**WHAT THE TASK REQUIRES**
Please give back exactly the line with "2022 Nissan Altima SR VC-Turbo FWD" and each line after it through the end of the material, leaving out the pictures.

**RAW DATA**

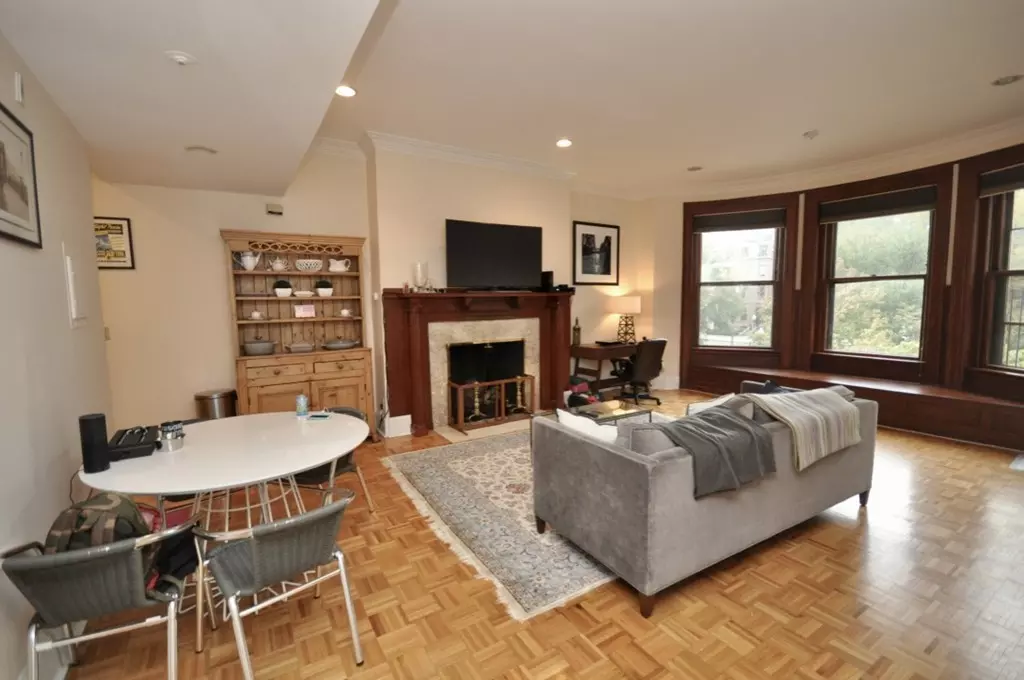 Boston, MA 02116,280 Commonwealth Avenue #207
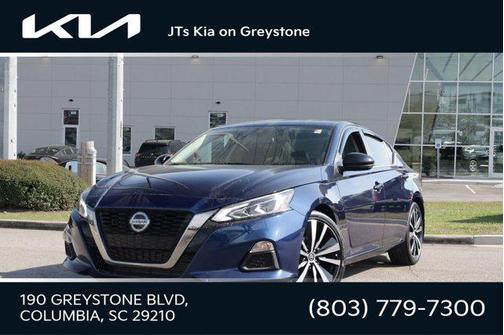 2022 Nissan Altima SR VC-Turbo FWD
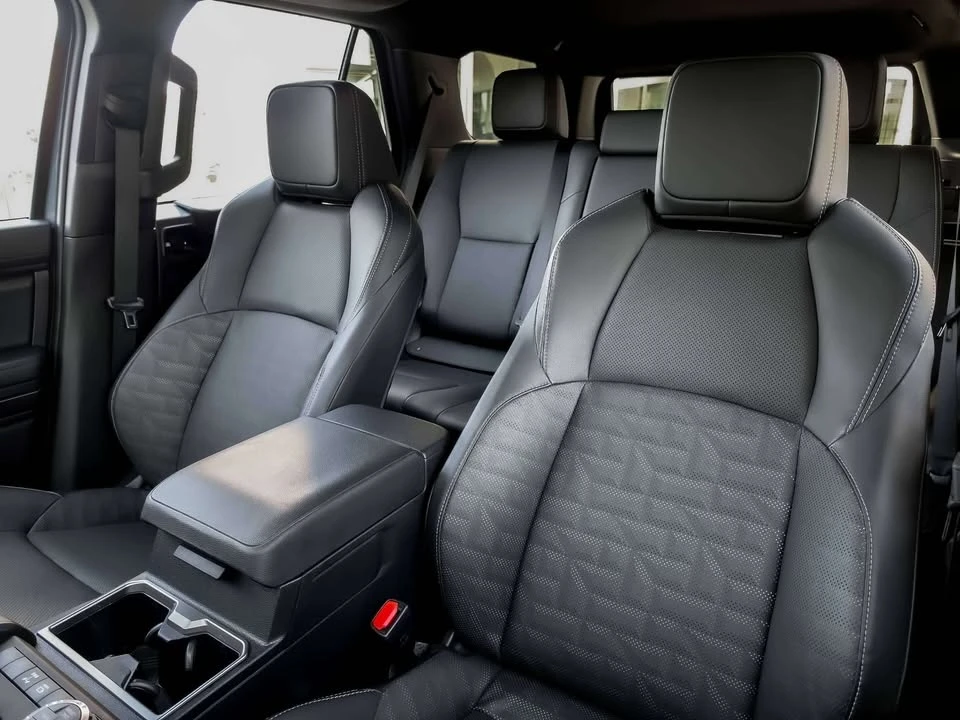 2025 Toyota 4Runner 6th Gen - Image 7 of 19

**RESPONSE AREA**
 2022 Nissan Altima SR VC-Turbo FWD
 2025 Toyota 4Runner 6th Gen - Image 7 of 19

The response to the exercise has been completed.